Association Between Absolute Eosinophil Count and Complex Aortic Arch Plaque in Patients With Acute Ischemic Stroke
Background and Purpose—Eosinophil counts are thought to be associated with atherosclerosis and aortic arch plaques. However, whether these associations exist among patients with acute ischemic stroke remains unclear. We aimed to evaluate the association between absolute eosinophil count (AEC) and aortic arch plaques among these patients.
Methods—Consecutive acute ischemic stroke patients undergoing transesophageal echocardiography were retrospectively analyzed. Complex aortic arch plaques (CAPs) were defined as plaques ≥4 mm in thickness, with ulcer, or with mobile component.
Results—A total of 430 patients (289 male, mean age 69.8±11.4 years) were enrolled. Patients with CAPs (n=169) showed higher mean AEC than those without (167±174/µL versus 127±127/µL; P=0.007). Multivariate analysis showed that increased AEC was independently associated with the presence of CAPs (odds ratio, 2.09; 95% confidence interval, 1.21–3.65).
Conclusions—Among patients with acute ischemic stroke, increased AEC was independently associated with the presence of CAPs. Our results suggest that AEC may be a useful predictor for the presence of CAPs in these patients.
Along with the popularization of endovascular therapy for acute ischemic stroke (AIS), examination and treatment with catheter manipulation are expected to be performed more frequently in the acute phase of ischemic stroke.

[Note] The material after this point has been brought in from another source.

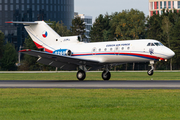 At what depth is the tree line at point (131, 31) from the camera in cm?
8919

Intraprocedural cerebral or systemic embolism is a serious complication of catheter-based cerebral angiography. The positive correlation between severity of aortic plaques and risk of cholesterol crystal embolism (CCE) has been noted.1 Although transesophageal echocardiography (TEE) is useful, it cannot be performed for all patients before urgent catheterization. Therefore, other predictors related to the presence of aortic arch plaques are required in patients with AIS.
Absolute eosinophil count (AEC) is thought to be related to thick aortic arch plaque among patients with heart disease scheduled for catheterization procedures.2 This fact raised the hypothesis that AEC might be also a useful predictor for the presence of aortic arch plaque in the acute phase of ischemic stroke. The aim of this study was to examine whether AEC was related to the presence of aortic arch plaque in patients with acute stroke.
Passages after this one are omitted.